When Wellston lost its accreditation, a few of its students attended other public school districts, as allowed by state law. Some were accepted in Clayton. Now that the city school system has lost its accreditation, its students can apply to suburban districts, though most of those districts have said they will not accept city students. So far there has not been a legal challenge to that refusal.
Swanstrom sees the class chasm widening as affluent districts churn out qualified students who go on to college, and disadvantaged districts certify graduates who have trouble entering college. Those types of erratic educational experiences can hold a metro area back, Swanstrom says, pointing to Charlotte, N.C., as an example of a thriving metro area that was aided by its uni-district approach to public education. All of Mecklenberg County, which includes Charlotte, is covered by one school district.

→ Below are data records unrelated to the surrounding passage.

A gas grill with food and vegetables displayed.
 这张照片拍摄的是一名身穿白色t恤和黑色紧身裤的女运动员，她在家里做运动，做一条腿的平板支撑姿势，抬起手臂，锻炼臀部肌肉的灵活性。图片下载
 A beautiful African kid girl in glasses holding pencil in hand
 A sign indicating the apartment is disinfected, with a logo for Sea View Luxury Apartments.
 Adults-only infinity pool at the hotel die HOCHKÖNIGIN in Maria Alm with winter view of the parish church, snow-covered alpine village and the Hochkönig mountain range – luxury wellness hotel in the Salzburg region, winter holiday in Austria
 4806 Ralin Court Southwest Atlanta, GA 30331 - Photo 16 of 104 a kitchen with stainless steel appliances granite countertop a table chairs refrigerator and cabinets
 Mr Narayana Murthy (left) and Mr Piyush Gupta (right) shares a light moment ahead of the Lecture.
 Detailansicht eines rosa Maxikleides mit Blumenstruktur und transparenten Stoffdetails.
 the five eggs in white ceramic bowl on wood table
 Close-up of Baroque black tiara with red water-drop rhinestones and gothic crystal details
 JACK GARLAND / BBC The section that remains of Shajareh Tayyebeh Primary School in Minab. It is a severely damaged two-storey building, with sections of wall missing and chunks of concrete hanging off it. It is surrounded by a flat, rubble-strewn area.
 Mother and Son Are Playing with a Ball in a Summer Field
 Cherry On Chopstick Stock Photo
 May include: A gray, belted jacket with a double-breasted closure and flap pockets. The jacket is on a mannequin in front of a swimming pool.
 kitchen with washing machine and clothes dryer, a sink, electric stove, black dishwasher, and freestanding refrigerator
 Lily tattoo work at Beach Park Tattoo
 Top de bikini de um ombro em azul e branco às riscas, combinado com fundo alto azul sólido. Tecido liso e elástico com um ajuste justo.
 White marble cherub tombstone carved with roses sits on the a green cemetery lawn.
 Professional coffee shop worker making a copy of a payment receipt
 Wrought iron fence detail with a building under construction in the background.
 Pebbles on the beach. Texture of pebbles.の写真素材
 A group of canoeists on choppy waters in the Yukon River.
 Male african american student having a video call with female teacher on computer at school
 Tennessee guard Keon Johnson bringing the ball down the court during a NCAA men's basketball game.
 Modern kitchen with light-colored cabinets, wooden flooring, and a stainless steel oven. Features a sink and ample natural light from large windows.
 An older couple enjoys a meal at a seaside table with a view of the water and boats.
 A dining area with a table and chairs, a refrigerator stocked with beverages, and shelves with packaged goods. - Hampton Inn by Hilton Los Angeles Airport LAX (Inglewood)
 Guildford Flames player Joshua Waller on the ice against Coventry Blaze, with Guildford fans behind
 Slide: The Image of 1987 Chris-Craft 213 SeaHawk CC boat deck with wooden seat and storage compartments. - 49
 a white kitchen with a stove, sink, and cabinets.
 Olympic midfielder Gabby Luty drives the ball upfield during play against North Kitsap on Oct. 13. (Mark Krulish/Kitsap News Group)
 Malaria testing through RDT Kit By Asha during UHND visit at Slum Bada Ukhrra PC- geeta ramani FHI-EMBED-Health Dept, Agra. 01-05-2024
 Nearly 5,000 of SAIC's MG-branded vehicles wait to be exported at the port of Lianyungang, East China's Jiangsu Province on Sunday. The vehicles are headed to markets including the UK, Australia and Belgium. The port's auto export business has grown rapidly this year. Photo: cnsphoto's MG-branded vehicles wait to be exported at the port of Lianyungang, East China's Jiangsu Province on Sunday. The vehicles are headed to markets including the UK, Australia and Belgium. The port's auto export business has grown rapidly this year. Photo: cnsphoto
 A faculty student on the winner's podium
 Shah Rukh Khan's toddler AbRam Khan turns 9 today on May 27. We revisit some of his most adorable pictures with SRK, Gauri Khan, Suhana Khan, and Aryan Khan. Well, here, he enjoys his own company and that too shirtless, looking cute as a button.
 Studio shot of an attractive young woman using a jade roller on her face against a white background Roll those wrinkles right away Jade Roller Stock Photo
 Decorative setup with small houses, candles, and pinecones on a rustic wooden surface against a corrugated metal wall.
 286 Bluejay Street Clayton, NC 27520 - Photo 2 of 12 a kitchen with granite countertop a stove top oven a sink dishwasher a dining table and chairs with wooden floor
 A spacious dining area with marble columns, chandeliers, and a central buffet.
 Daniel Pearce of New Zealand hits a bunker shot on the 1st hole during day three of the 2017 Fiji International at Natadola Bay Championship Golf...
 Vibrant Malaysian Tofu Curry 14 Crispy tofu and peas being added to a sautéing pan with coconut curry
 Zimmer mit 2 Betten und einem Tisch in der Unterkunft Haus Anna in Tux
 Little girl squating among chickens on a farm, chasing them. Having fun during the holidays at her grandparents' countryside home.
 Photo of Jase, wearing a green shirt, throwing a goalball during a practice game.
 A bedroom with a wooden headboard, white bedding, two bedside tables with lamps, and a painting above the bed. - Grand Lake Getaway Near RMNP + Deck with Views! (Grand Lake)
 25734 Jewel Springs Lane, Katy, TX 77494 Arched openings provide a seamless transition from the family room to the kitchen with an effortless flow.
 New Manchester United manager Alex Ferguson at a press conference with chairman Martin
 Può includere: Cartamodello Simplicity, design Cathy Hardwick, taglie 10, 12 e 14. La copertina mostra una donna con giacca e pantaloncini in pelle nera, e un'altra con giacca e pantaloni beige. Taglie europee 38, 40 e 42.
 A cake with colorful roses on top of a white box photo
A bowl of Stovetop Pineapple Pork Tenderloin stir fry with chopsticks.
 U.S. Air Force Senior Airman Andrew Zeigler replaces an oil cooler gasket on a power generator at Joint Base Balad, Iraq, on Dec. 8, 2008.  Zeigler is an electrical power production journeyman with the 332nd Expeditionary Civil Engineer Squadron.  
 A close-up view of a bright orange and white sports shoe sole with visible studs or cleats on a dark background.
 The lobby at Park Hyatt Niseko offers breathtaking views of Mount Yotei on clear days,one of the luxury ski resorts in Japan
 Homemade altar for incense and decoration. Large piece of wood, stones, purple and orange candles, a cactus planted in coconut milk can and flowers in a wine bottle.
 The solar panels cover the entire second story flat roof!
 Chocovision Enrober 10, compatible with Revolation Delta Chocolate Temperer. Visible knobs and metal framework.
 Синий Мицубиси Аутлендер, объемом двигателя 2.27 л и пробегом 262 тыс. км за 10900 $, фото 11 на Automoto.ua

“Research shows when you have a unified school district, it really does make a difference,” says Swanstrom. “Charlotte has done very well as a region. I would argue that part of that is due to its school system, which is not so driven by divisions, with the lower-income students dragging down overall performance. I think it’s a real factor in regional prosperity, though it’s hard
to prove.”
Whether a more egalitarian educational structure could aid regional prosperity, however, St. Louis missed its chance to find out 25 years ago.